2017 NFL Draft: Top Five LBs

Story posted April 9, 2017 in CommRadio, Sports by Tom Shively

One of the most athletic positions on the football field, the linebacking corps is a key component to a team’s success on the defensive side of the ball. Considering the last two Super Bowl MVPs not named Tom Brady have been linebackers, we can see the impact the position has when the lights shine brightest. Here’s a look at the top five linebackers in this year’s draft class: 

1. Reuben Foster, Alabama

On a defense loaded with NFL talent, one that many argued was the greatest we’ve seen since the turn of the century, Foster was the clear leader. He has elite closing speed on ball carriers and his instincts are some of the best we’ve ever seen. Checking in at 6 feet, 229 pounds, Foster has the size to compete every day in the NFL. His best fits are on the weak side in a 4-3 or inside on a 3-4, but there’s really no wrong place to put him.

His one big knock is his eagerness, which oftentimes leads to misdirection, but he is able to compensate for this with his speed and athleticism. Don’t be surprised if we hear his name called in the top 10 come Draft Day.

2. Haason Reddick, Temple

The former walk-on has emerged as an elite talent in his time with the Owls, and he’s as versatile as they come at linebacker. His 4.52 40 time, 36.5-inch vertical, and 133-inch broad jump all ranked in the top 10 in his position at the NFL Combine. At 6-1, 237 pounds, he has experience playing on the edge as well as at linebacker, something NFL teams salivate over.

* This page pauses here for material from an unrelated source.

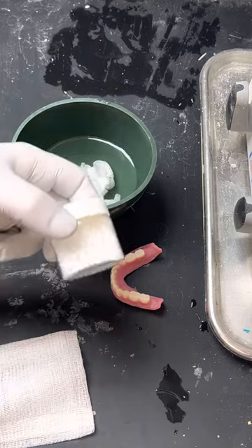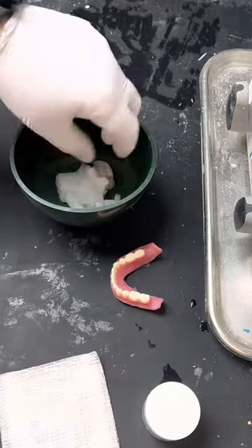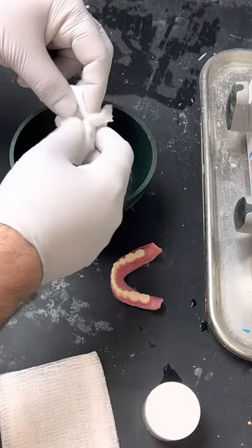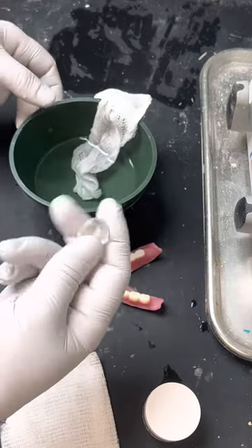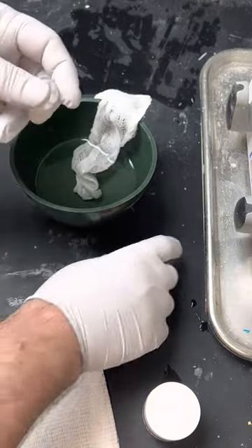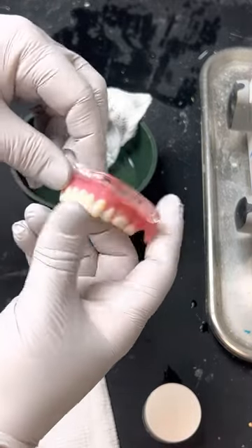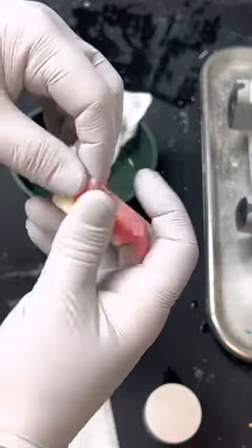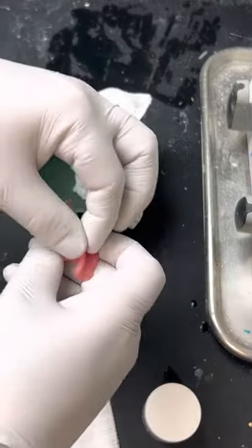So I tried the same thing with the thermoplastic beads — just wrapping some into this 4x4 and putting it in hot water. And as you can see right here, it melts it perfectly and it doesn't stick to the gauze. You can go ahead and border mold with this however you need to. In this case, I'm going to just add a little bit right here, just like this.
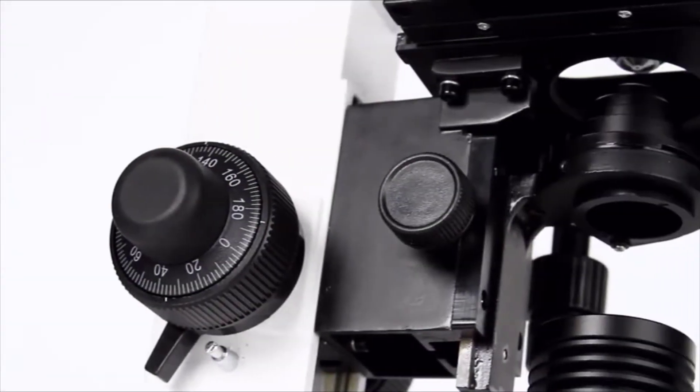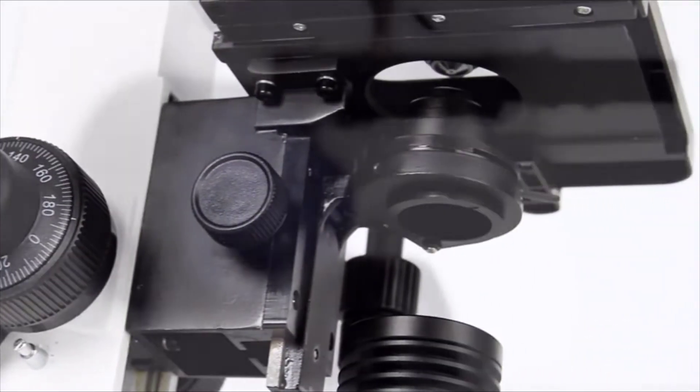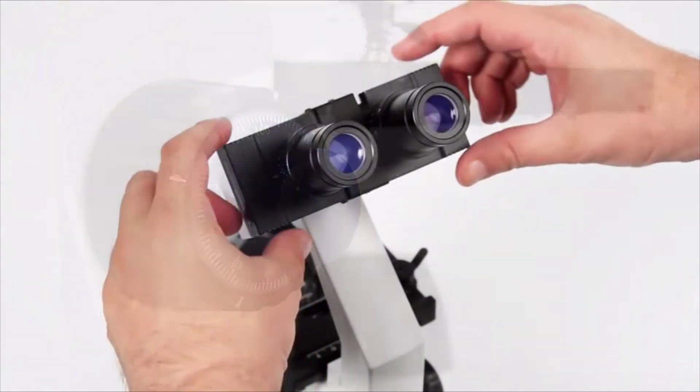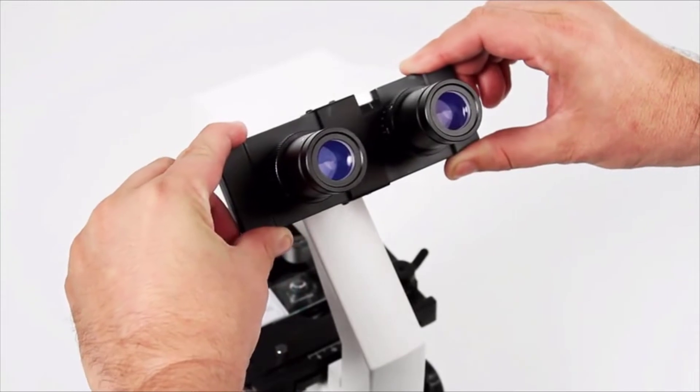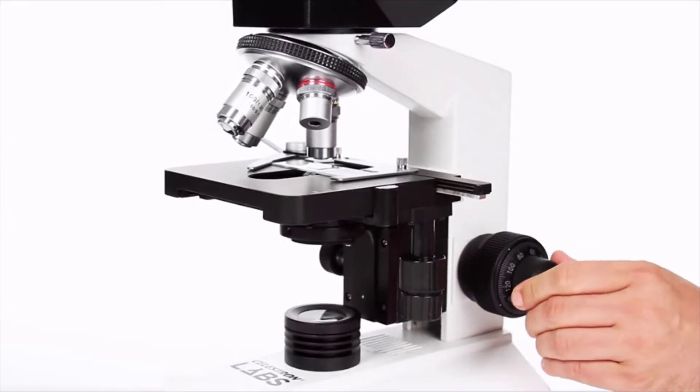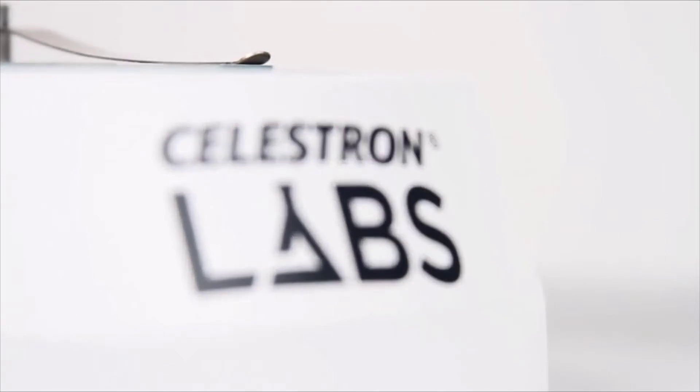Select models offer advanced features, like an Abbey condenser or coaxial focus, while others are battery-powered for use in the field. Two models even offer a binocular head for comfortable, extended viewing sessions. The possibilities are endless. Choose your Celestron Labs microscope and begin your exploration.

He lacks elite foot speed in coverage so he could be a bit of a liability in the passing game, but his pure athleticism can help to alleviate some of those issues. He has tremendous heart as well, stemming from the fact that he was originally a walk-on and had to work even harder every day to be where he is today.

3. Raekwon McMillan, Ohio State

McMillan may be the best in this class at stopping the run, as his 6-2, 240-pound frame is perfect for the middle linebacker position. He’s known for his bruising hits, and his tackling form is impeccable. He has fantastic instincts and is usually a step ahead of the quarterback. His 4.61 40 isn’t enough to turn heads, but also not going to make him a liability.

He sometimes bites too hard on the run on play action plays, causing him to easily be blocked into a non-factor in the passing game. He has a lot of trouble getting off blocks which will be problematic going up against massive offensive linemen in the NFL. Anyone who drafts him is getting a solid player, but maybe not Pro Bowl-caliber.

4. Zach Cunningham, Vanderbilt

Having experience on both the inside and outside, Cunningham has the exact type of utility that NFL teams are looking for. The first team All-American led his team in tackles, tackles for loss, and forced fumbles, proving he can make plays in any way on the field. His 6-3, 240-pound frame can allow him to be physical at the next level and his pass coverage ability is a huge plus.

He’s a little thin in the lower body, which leads to a lack of balance and explosiveness. He also likes to lead with the shoulder a little too much on his hits and is susceptible to flags. The bottom line is that he is elite in space, but still lacks the ability to get off the block.

5. Jarrad Davis, Florida

One of the most vocal players on Florida’s defense, Davis has shown his instincts by his ability to diagnose plays and make adjustments at the line. His acceleration and flexibility are strengths as well, allowing him to slip between tight gaps to close on ball carriers.

His eagerness causes him to be vulnerable to the play action and counters, oftentimes leading to him being out of position on the outside far too late to recover. He tends to focus more on the blocker than runner and often gets lost on plays, which could spell trouble on Sundays.